- [Your task] Go through the listing below and retype exactly the lines starting at the one with "a bedroom with" and ending at the one with "A Bright Extended", skipping pictures.

- [Dataset content]
Content starts
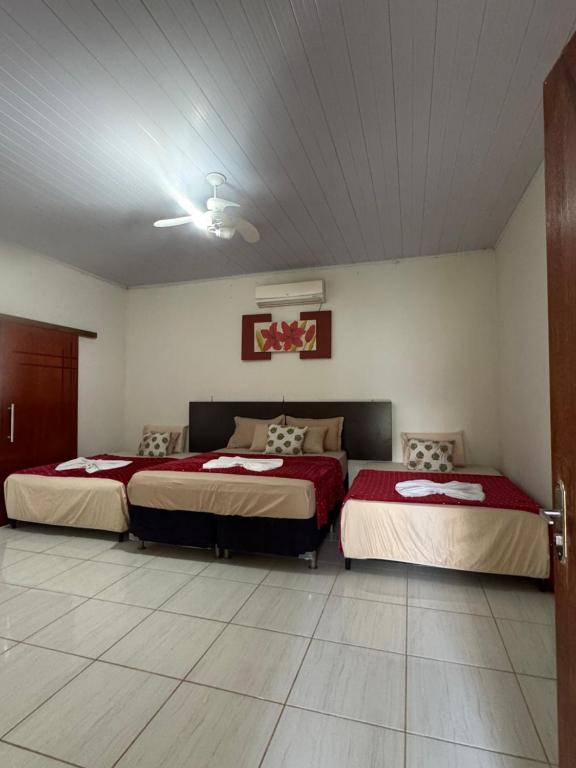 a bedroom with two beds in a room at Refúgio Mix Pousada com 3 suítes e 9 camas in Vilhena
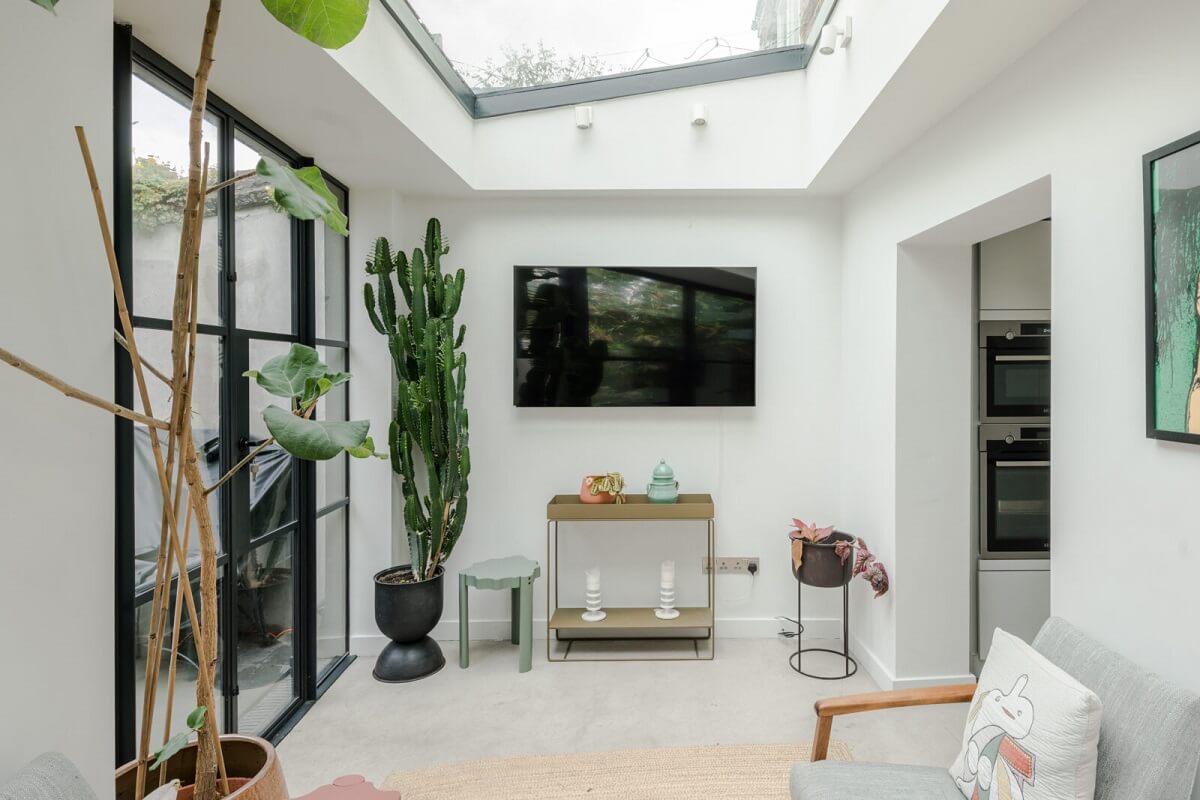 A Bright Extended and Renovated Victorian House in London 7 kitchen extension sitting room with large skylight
Content ends
Content starts
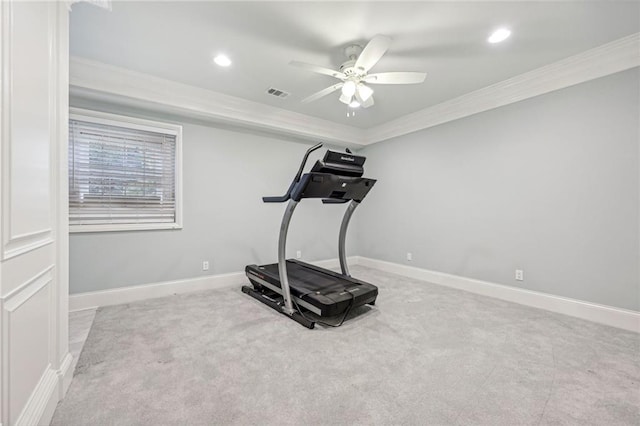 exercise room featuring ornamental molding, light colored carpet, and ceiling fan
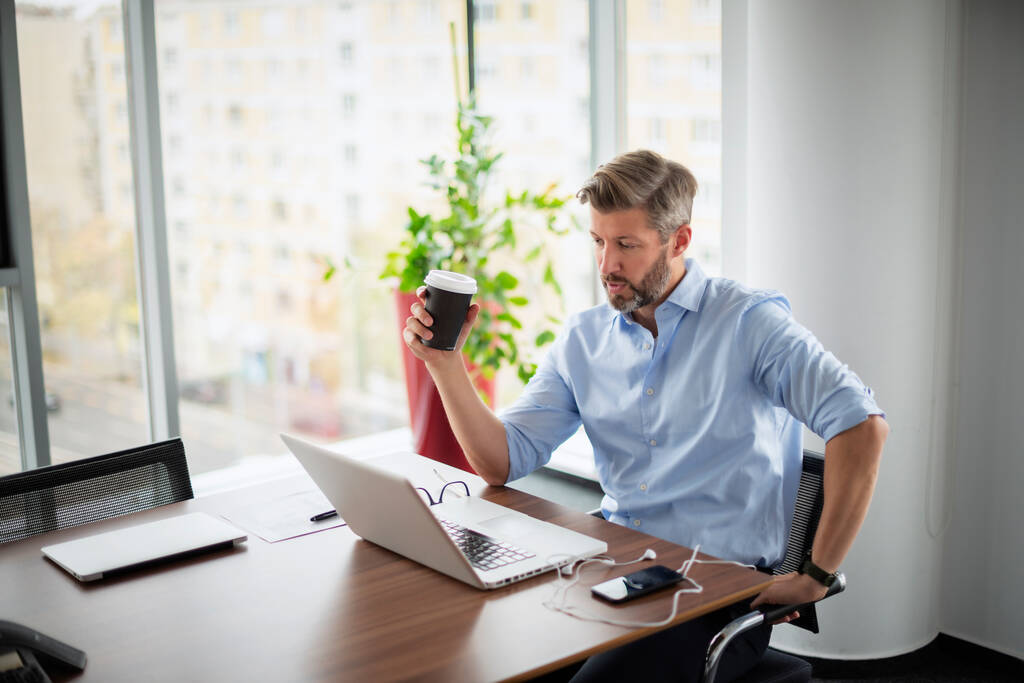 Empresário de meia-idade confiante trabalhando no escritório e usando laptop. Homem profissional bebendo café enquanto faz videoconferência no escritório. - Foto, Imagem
Content ends
- [Reply]
 a bedroom with two beds in a room at Refúgio Mix Pousada com 3 suítes e 9 camas in Vilhena
 A Bright Extended and Renovated Victorian House in London 7 kitchen extension sitting room with large skylight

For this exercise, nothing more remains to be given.